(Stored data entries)
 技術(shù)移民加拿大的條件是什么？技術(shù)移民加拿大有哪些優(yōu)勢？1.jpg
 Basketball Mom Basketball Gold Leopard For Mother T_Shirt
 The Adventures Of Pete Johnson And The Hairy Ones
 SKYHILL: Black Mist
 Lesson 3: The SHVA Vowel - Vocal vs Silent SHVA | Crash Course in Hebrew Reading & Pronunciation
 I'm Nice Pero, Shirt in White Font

◆ Exercise description
Output only the lines from the line that contains "SKYHILL: Black Mist" through the end of the entries, both included, exactly as they appear.

◆ Answer space
 SKYHILL: Black Mist
 Lesson 3: The SHVA Vowel - Vocal vs Silent SHVA | Crash Course in Hebrew Reading & Pronunciation
 I'm Nice Pero, Shirt in White Font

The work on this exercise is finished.